The answer to this question is truly frightening. The current accurate census is about 15,000 this does not include last week's bookstore runs. Or the nearly 200 children's books I have waiting for me to bring home. In my life, given the very high turnover rate of my library previously I would guestimate that I have owned very close to 25,000 books.

I should note that a goodone third or so of these are my wife's collection of contemporary Romances/romantic thrillers, etc. Catherine Coulter, Amanda Quick, Jude Devereaux, J.D. Robb, etc. etc.

2. Last book I bought.

A Jesuit study of the books of Luke and Acts, the name of which escapes me at the moment.

3. Last book I read.

Captiva

4. Five books that mean a lot to me.

The KJV

The Riverside Shakespeare

The two-fold gems of the English language--unsurpassed and perhaps unsurpassable.

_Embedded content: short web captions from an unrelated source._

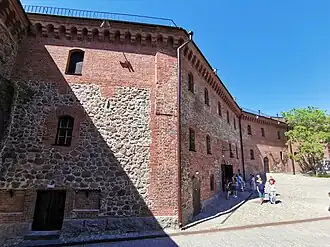 Вид на фасад здания Цейхгауза после реставрации. 2022 г.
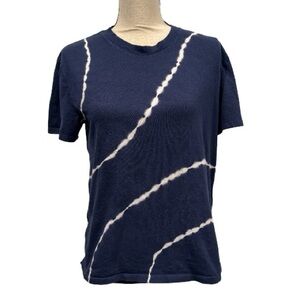 Athleta Navy Tie-Dye Short Sleeve Tee XS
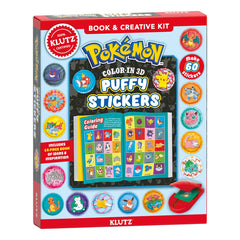 Klutz - Pokemon Color-In 3D Stickers Activity Kit
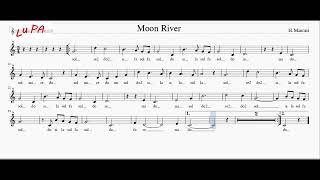 Moon River - Flauto dolce - Note - Spartito - Karaoke - Canto - Instrumental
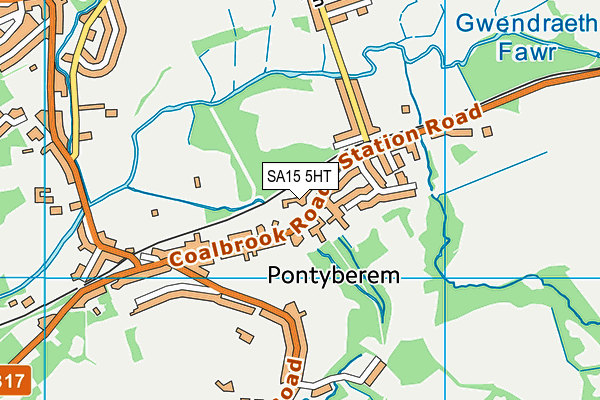 SA15 5HT map - OS VectorMap District (Ordnance Survey)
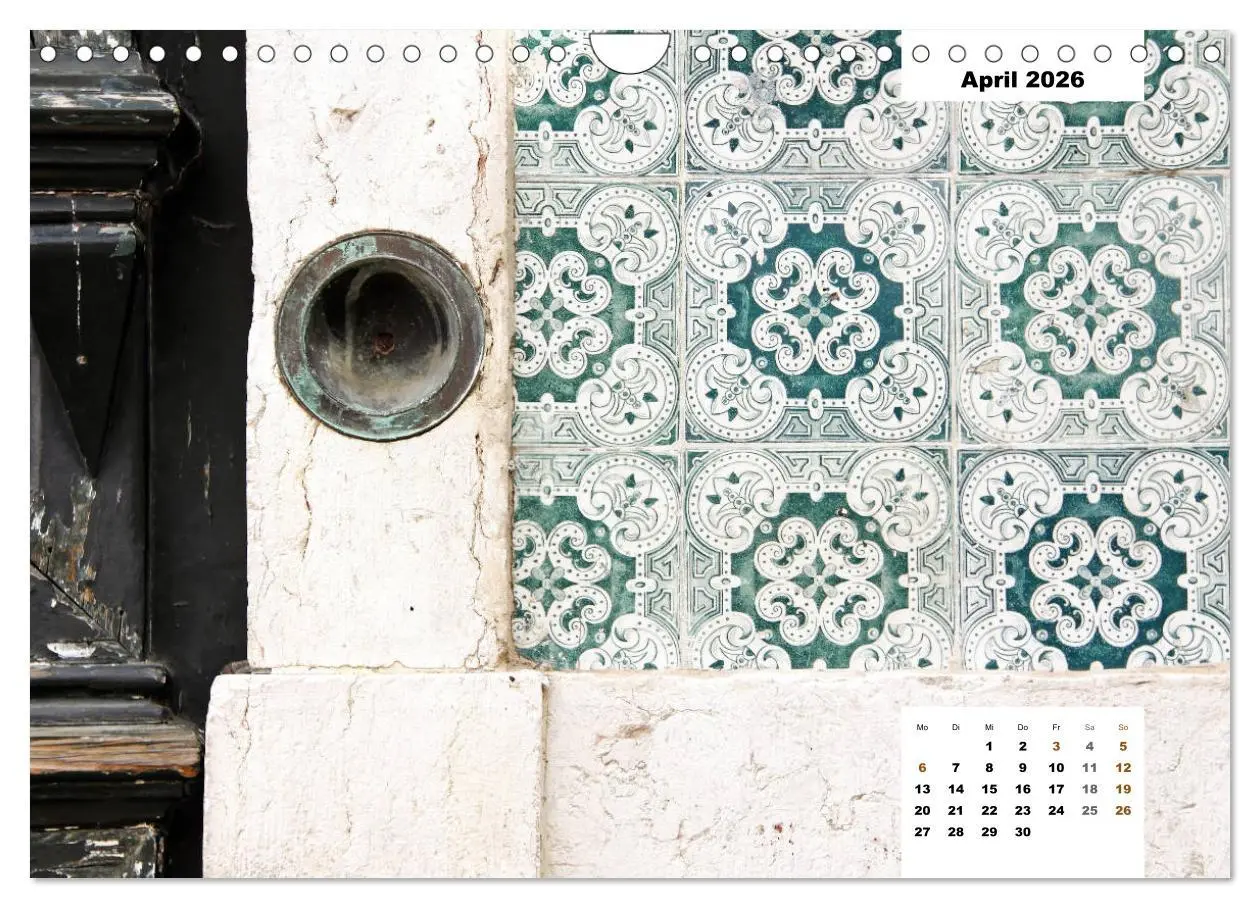 Bild: 9783457821572 | Lissabons Azulejos (Wandkalender 2026 DIN A4 quer), CALVENDO...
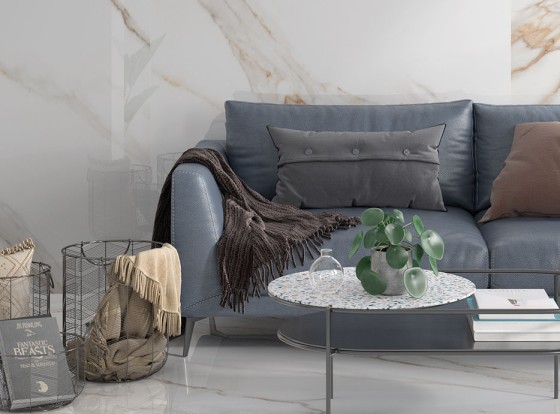 Capri Gold Polished Porcelain Wall & Floor Tile 1000x1000mm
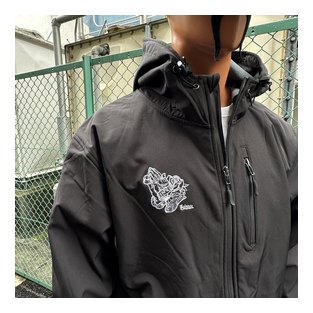 BL29-6701：BALANCE PRAING HANDS SOFT SHELL HOOD JACKET (耐風・耐水ソフトシェル)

Sorry GBS.

Ulysses James Joyce--for two reasons--the professor who taught the course said one very provocative thing that sent me in search of the truth he knew (The Catholic Church), and Joyce himself convinced me absolutely of the truth of the Catholic Faith in the context of the novel. He didn't mean to, but he couldn't really help it--grace always prevails.

Wilfrid Stinissen's Nourished by the Word: Reading God's Word Contemplatively

Carter Dickson Night at the White Priory Not because it was the best of the Sir Henry Merrivale but because it is the only one I own in a first edition signed copy.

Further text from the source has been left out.